→ What you need to do: No pictures go into the output, which should consist only of the lines from the first line of the data through the line with "TV and multimedia, Living room, Seating area", copied exactly.

##############################

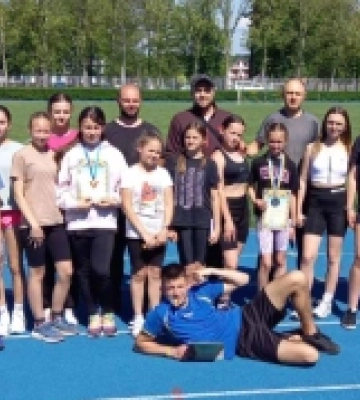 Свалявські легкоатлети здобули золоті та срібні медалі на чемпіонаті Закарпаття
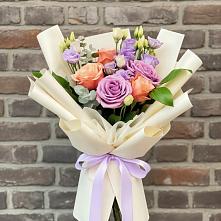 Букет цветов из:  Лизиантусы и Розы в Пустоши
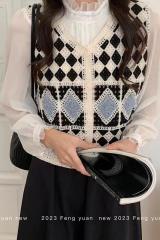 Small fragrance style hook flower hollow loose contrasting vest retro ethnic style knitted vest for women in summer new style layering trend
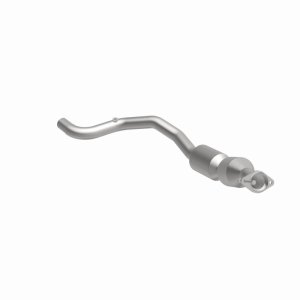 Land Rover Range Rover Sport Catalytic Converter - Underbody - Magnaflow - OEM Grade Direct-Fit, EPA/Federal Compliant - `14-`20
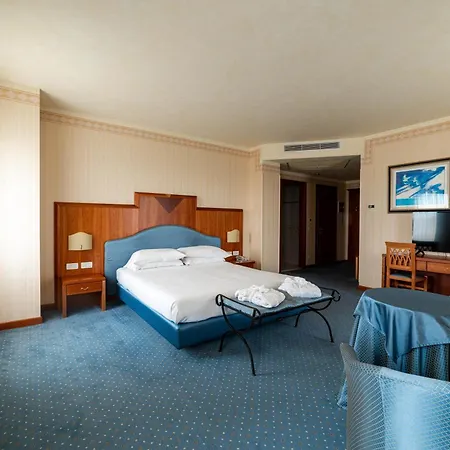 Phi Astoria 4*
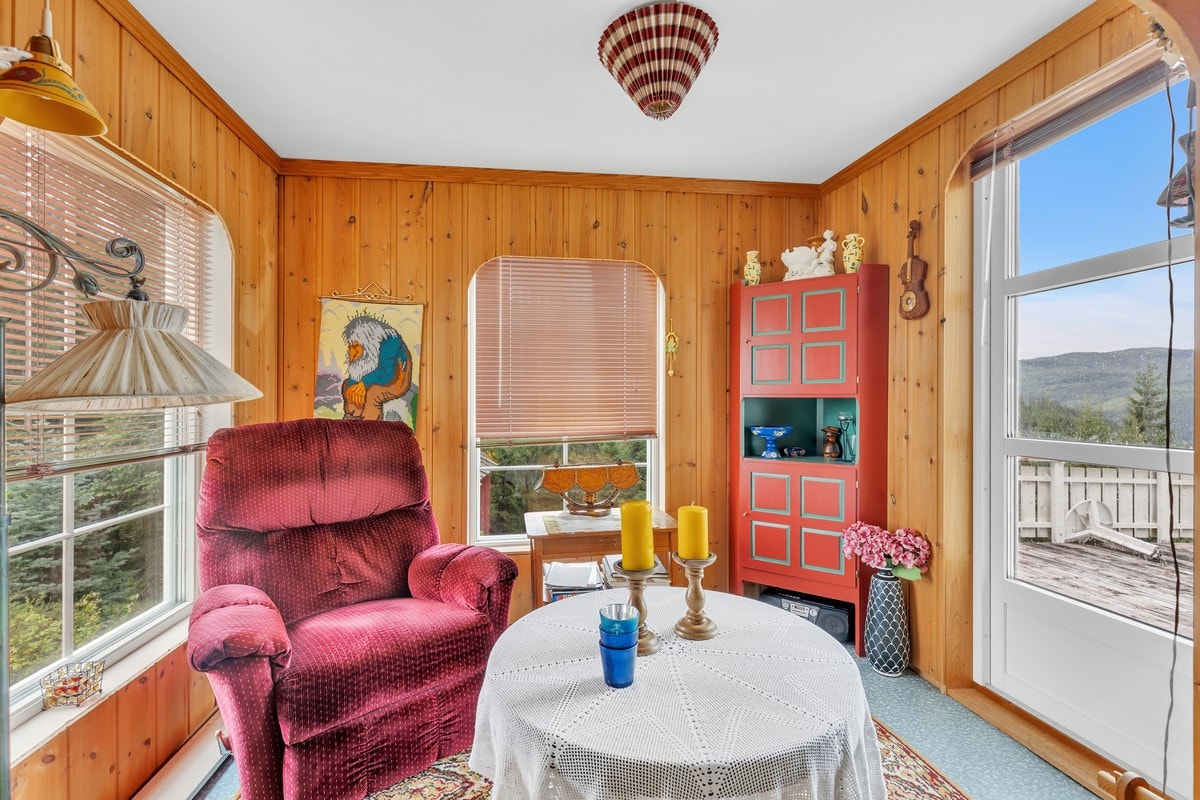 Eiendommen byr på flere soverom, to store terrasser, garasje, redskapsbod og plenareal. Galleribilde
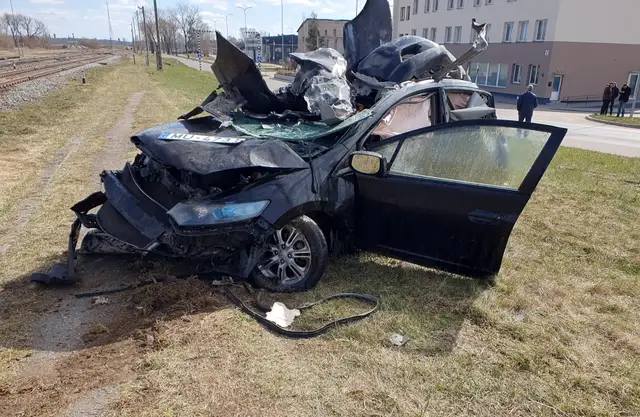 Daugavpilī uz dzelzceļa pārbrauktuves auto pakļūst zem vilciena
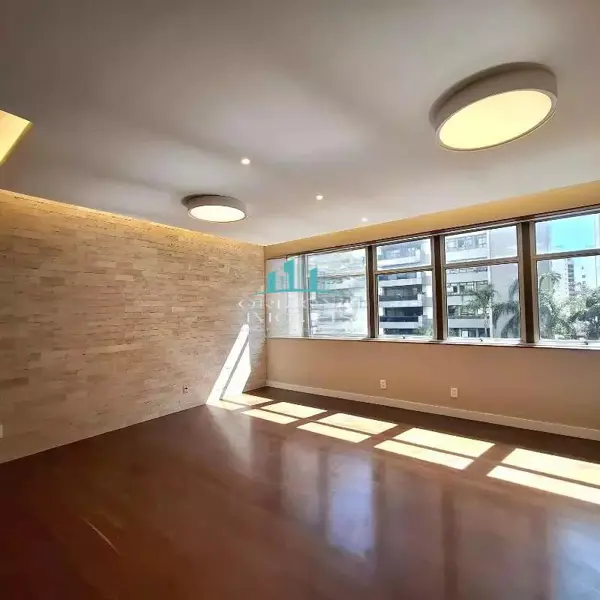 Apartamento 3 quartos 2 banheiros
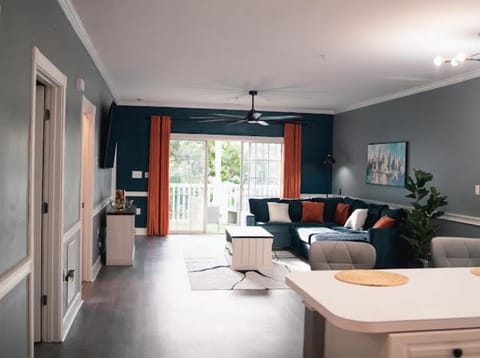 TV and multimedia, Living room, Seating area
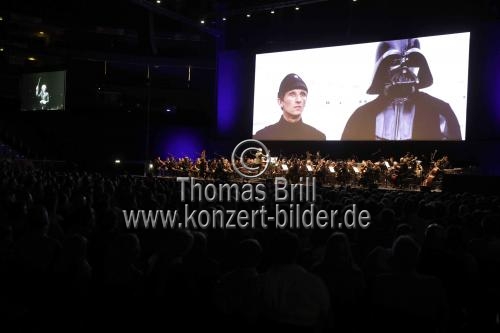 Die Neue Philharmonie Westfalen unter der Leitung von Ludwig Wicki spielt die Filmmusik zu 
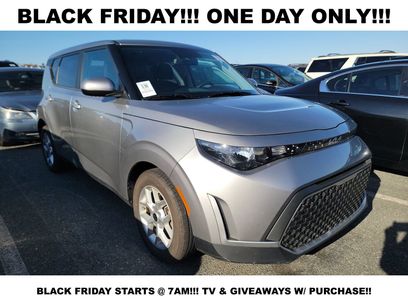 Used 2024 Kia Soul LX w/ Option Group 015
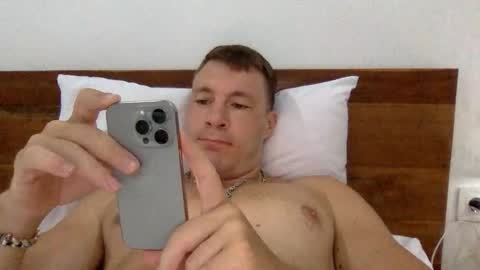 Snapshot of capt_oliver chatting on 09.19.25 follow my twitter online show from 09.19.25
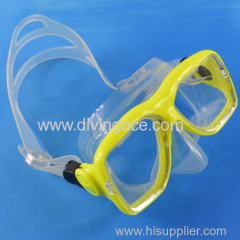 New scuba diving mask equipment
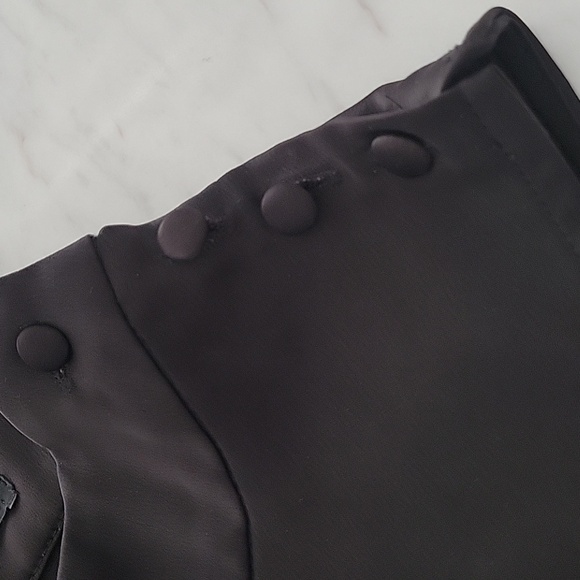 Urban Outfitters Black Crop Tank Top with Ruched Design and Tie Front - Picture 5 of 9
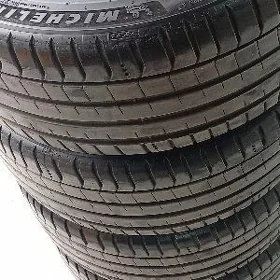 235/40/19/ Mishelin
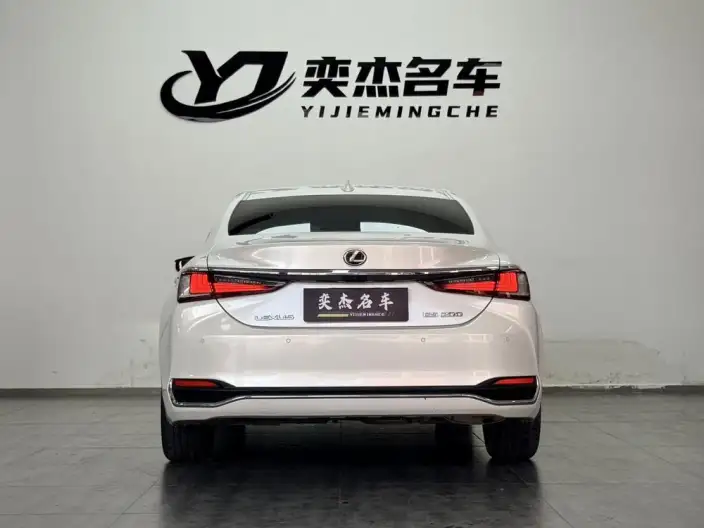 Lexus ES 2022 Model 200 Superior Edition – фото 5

##############################

→ Task answer:
 Свалявські легкоатлети здобули золоті та срібні медалі на чемпіонаті Закарпаття
 Букет цветов из:  Лизиантусы и Розы в Пустоши
 Small fragrance style hook flower hollow loose contrasting vest retro ethnic style knitted vest for women in summer new style layering trend
 Land Rover Range Rover Sport Catalytic Converter - Underbody - Magnaflow - OEM Grade Direct-Fit, EPA/Federal Compliant - `14-`20
 Phi Astoria 4*
 Eiendommen byr på flere soverom, to store terrasser, garasje, redskapsbod og plenareal. Galleribilde
 Daugavpilī uz dzelzceļa pārbrauktuves auto pakļūst zem vilciena
 Apartamento 3 quartos 2 banheiros
 TV and multimedia, Living room, Seating area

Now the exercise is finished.